It’s very easy to find blueberry muffin recipes online and yes, they’re very good. To introduce more variety, I’m going to share with you today an easy muffin recipe that contains mango, coconut milk and white chocolate. I also put cranberries or pears sometimes, that can be for future posts.
For now, you’ll see that these muffins’ flavor is a bit exotic, the white chocolate makes them sweet and the coconut milk makes them soft. If you like them – or if you don’t 😉 – I’d be happy to have your feedback on this simple baking recipe!
Easy Muffin Recipe Ingredients (6 muffins):
- 1/2 mango
- 50 g (2 oz) white chocolate
- 2 eggs
- 100 g (3.5 oz) flour
- 1 teaspoon baking powder
- 75 g (2.5 oz) sugar
- 50 g (2 oz) coconut milk
- a pinch of salt
- a mixing bowl
- a whisk or an electric mixer
- a double boiler or two saucepans
- a spatula
- a knife
- a cutting board
- a 6-cup muffin pan
Preheat your oven to 180ºC (350F). Beat the flour with baking powder and 2 eggs in a mixing bowl. Then add sugar and coconut milk, and mix.
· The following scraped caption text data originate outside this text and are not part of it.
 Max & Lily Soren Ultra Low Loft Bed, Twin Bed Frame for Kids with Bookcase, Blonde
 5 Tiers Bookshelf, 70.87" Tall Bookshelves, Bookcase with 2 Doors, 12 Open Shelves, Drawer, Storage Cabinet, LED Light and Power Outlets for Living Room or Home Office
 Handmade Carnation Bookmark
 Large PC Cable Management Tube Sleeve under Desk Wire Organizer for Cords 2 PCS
Melt the white chocolate “au bain marie” i.e. in a double boiler. If you don’t have a double boiler, put the white chocolate in a saucepan over a second saucepan containing boiling water (see picture). Mix it with a spatula when it’s on the stove. When the white chocolate is evenly melted, pour it into the mix from step 1 and mix again.
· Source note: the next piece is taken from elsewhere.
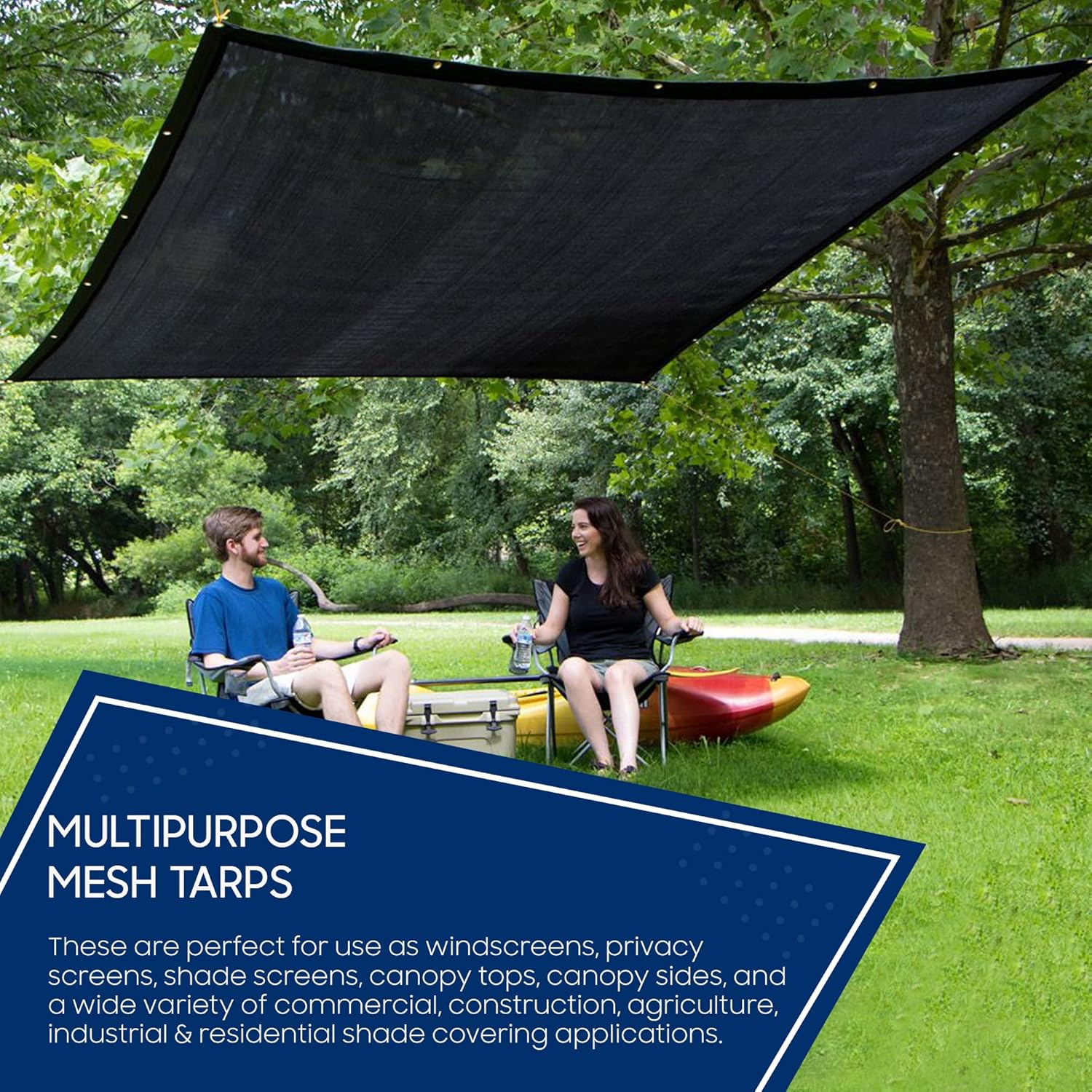Tarps Now Heavy Duty Mesh Tarps, (8' X 16') with Grommets - 75% Sunblock Shade Cloth Tarp for Patio Screen, Wind Block, Privacy Screen, Canopies, Dump Trucks, Pool Cover - Black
Cut the mango into two. Keep one half and cut the other half into small cubes. Add the mango cubes to the mix from step 2.
If you use a metal muffin pan, spread butter on it (not needed if you use a silicon muffin pan or baking cups/cupcake liners). Then pour the final mix in: fill each cup up to 3/4. Put the muffin pan in the oven for approximately 25 minutes.